Non era insolito incontrare nei piccoli centri, donne vestite di nero che venivano "ingaggiate" dietro ricompensa, per piangere alle cerimonie funebri, erano le cosiddette prefiche o "chiangimorti" che avevano il triste compito di piangere il defunto  decantando le sue qualità e le sue virtù fino a far commuovere i presenti.
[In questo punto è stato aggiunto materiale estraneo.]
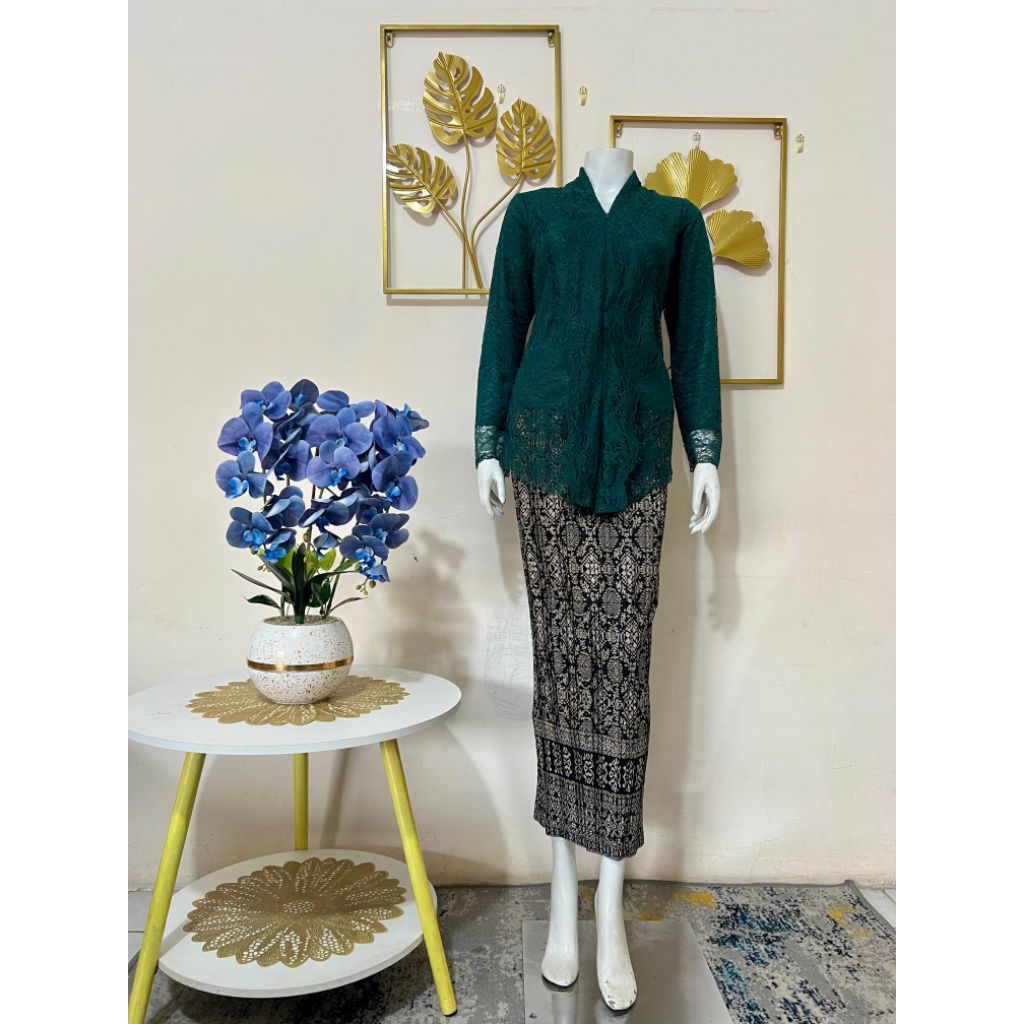 ATASAN KEBAYA ENCIM BROKAT/KEBAYA BROKAT/KEBAYA KARTINI PENDEK/KEBAYA MURAH/KEBAYA SIMPLE/KEBAYA SER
Fra le due guerre mondiali molta manodopera femminile fu impegnata nelle manifattura del tabacco, erano mal pagate, gli orari di lavoro pesanti (otto, nove ore) e l'occupazione discontinua. Spesso la loro casa era lontana chilometri dal posto di lavoro e ci arrivavano a piedi, ma si sentivano privilegiate perchè portavano a casa il salario come l'uomo. Sono state le prime operaie a rivendicare  il diritto a miglioramenti di vita e di lavoro consapevoli del loro ruolo di lavoratrici e di cittadine. Grazie alla loro forza nel  1948, a Lecce nacque il Sindacato Nazionale Lavoratori Donne Tabacco, poi Sindacato Nazionale Tabacchine. Gli scioperi e le agitazioni non si esaurirono presto,continuarono dagli anni cinquanta fino ai sessanta senza paura di far sentire la loro voce, erano donne che sfidavano le convenzioni, lottavano non solo per loro, ma anche per le loro figlie che il loro essere donne non comportasse una discriminazione.